Antologi pantun yang pertama itu berjudul Perhimpunan Pantun-Pantun Melayu. Genre pantun merupakan genre yang paling bertahan lama. Pantun merupakan salah satu jenis puisi lama yang sangat luas dikenal dalam bahasa-bahasa Nusantara. Pantun berasal dari kata patun dalam bahasa Minang Kabau yang berarti "petuntun".
Dalam bahasa Jawa, misalnya, dikenal sebagai parikan, dalam bahasa sunda dikenal sebagai PAPARIKAN dan dalam bahasa Batak dikenal sebagai umpasa (baca: uppasa).

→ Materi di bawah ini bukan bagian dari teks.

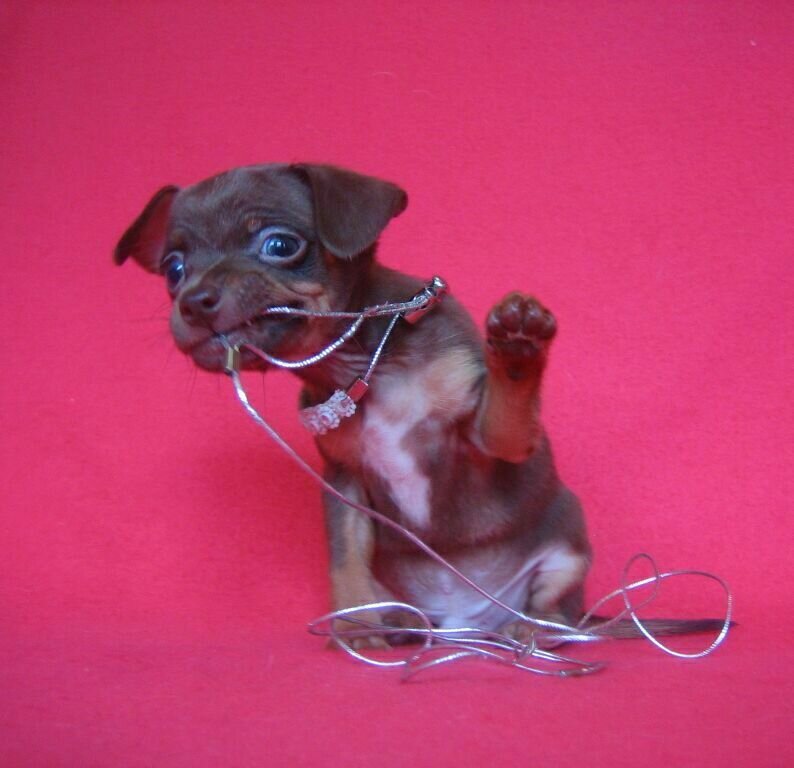 Я конечно не фотограф  , но делать фото своих щенков и собак не просто люблю, а обожаю. Это что то сродни - " Остановись мгновенье,ты прекрасно ! " Для меня каждое фото и видео это какая то история, какой то неповторимый эпизод из нашей жизни. Вот было и уже никогда не повторится. Время летит, а я могу вернуться назад, вспомнить чьё то рождение, какой то смешной эпизод .Вот например этот малыш той -терьера с фото , никак не мог найти свои ручки. Смешной, смышлёный, а почему то не везло и всё. А тут делаем новые снимочки,  он так берёт ринговочку в зубки и поднимает лапу - " Мол, привет,хозяйка  ! " И ведь нашлась, нашлась та самая единственная, которую ждали.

Lazimnya, pantun terdiri atas empat larik (atau empat baris bila dituliskan), setiap baris terdiri dari 8-12 suku kata, bersajak akhir dengan pola a-b a-b dan a-a-a-a (tidak boleh a-a-b-b, atau a-b-b-a). Pantun pada mulanya merupakan sastra lisan namun sekarang dijumpai juga pantun yang tertulis. Semua bentuk pantun terdiri atas dua bagian: SAMPIRAN dan ISI. Sampiran adalah dua baris pertama, kerap kali berkaitan dengan alam (mencirikan budaya agraris masyarakat pendukungnya), dan biasanya tak punya hubungan dengan bagian kedua yang menyampaikan maksud selain untuk mengantarkan rima/sajak.

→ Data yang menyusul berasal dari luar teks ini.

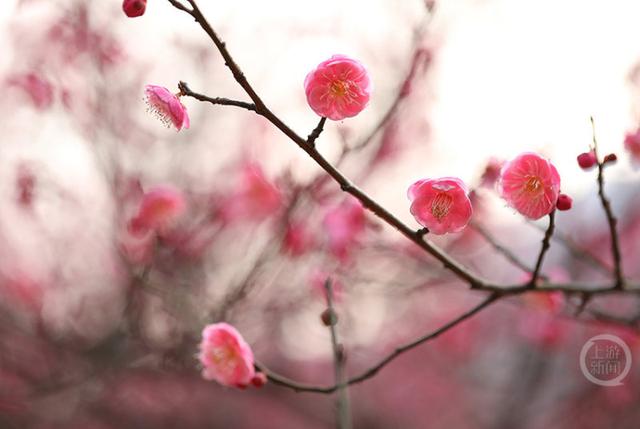 赏花正当时 歌乐山红梅似海漫山香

Pada mulanya pantun merupakan senandung atau puisi rakyat yang dinyanyikan (Fang, 1993 : 195). Pantun pertama kali muncul dalam Sejarah Melayu dan hikayat-hikayat popular yang sezaman dan disisipkan dalam syair-syair seperti Syair Ken Tambuhan. Pantun dianggap sebagai bentuk karma dari kata Jawa Parik yang berarti pari, artinya paribahasa atau peribahasa dalam bahasa Melayu. Arti ini juga berdekatan dengan umpama atau seloka yang berasal dari India.
Dr. R. Brandstetter mengatakan bahwa kata pantun berasal dari akar kata tun, yang terdapat dalam berbagai bahasa Nusantara, misalnya dalam bahasa Pampanga, tuntun yang berarti teratur, dalam bahasa Tagalog ada tonton yang berarti bercakap menurut aturan tertentu, dalam bahasa Jawa kuno, tuntun yang berarti benang atau atuntun yang berarti teratur dan matuntun yang berarti memimpin, dalam bahasa Toba pula ada kata pantun yang berarti kesopanan, kehormatan.

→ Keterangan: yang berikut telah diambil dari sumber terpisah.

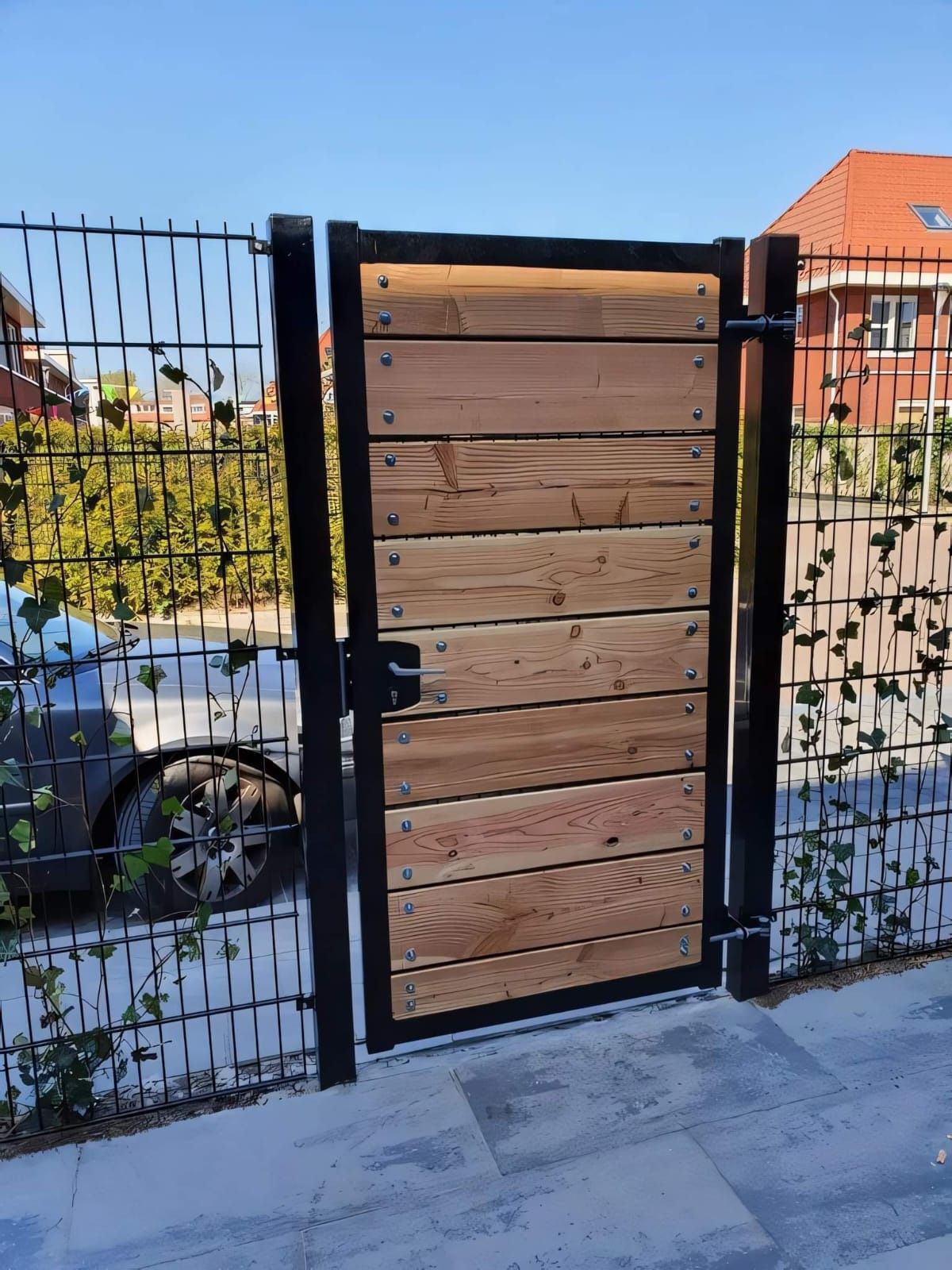 Door Gate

Pada akhirnya, pantun merupakan budaya orang-orang Melayu yang patut dilestarikan sampai sekarang. Karena selain indah dan enak didengar, sastra lisan ini juga bisa dipakai pada acara-acara resmi hingga bercandaan anak-anak.
Pada akhirnya, pantun merupakan budaya orang-orang Melayu yang patut dilestarikan sampai sekarang. Karena selain indah dan enak didengar, sastra lisan ini juga bisa dipakai pada acara-acara resmi hingga bercandaan anak-anak.